The Dominion Lands Act (1872), and its later amendments,
set out the conditions under which the head of
a family or a single male, 21 years or older (later
18 years), would be eligible for a free quarter-section
grant. Until 1889, homesteaders could also
"pre-empt" - that is, purchase an adjacent
quarter-section homestead at a guaranteed low
price when they received title to their free grant.
In an effort to avoid private speculation (corporate
speculation by the Hudson's
Bay Company, the railways, and the government
itself was allowed to proceed unchecked), the
Dominion Lands Act required a potential farmer
to "improve" his homestead before the
Crown would award a Land Patent on the grant.
"Improvements" generally meant that
the applicant resided on the land for at least
a three-year period (and for at least six months
in each of those years), built a residence, and
broke (depending on the time period) from 15 to
50 acres of land and planted another 10 to 30
acres of crops.
Not all western lands were reserved for agriculture.

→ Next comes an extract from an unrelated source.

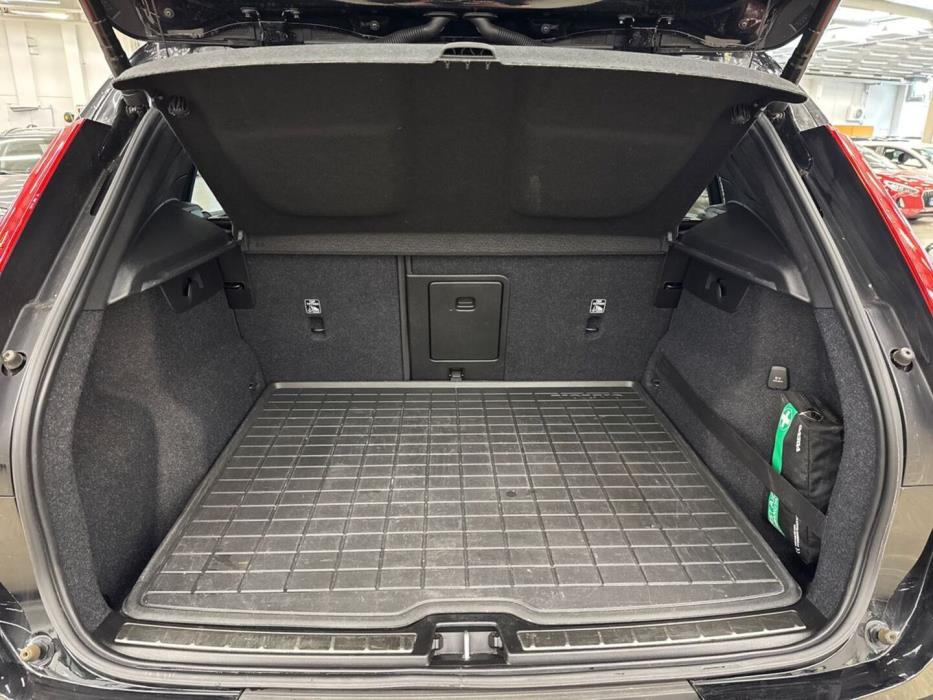 VOLVO XC40 2021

In 1881, an amendment to the Dominion Lands Act
allowed the federal government to lease large
blocks of land for ranching purposes. The leases
were generally awarded for a 21-year period at
an annual fee of one cent per acre. Some of the
lease holdings of western cattle barons were incredibly
large; Senator Matthew
Cochrane's ranch in southwestern Alberta,
for example, encompassed 367,000 acres (144,000
To induce new homesteaders from Europe, the federal
government introduced the concept of block settlement
by ethnic groups. This policy allowed entire communities
to leave their ancestral homes and move en masse
to the Prairie West where entire townships were
set aside for them. The federal government successfully
used this provision to attract Mennonites
from the Russian Ukraine, as well as Scandinavians,
Icelanders, Danes, Mormons, and Doukhobors.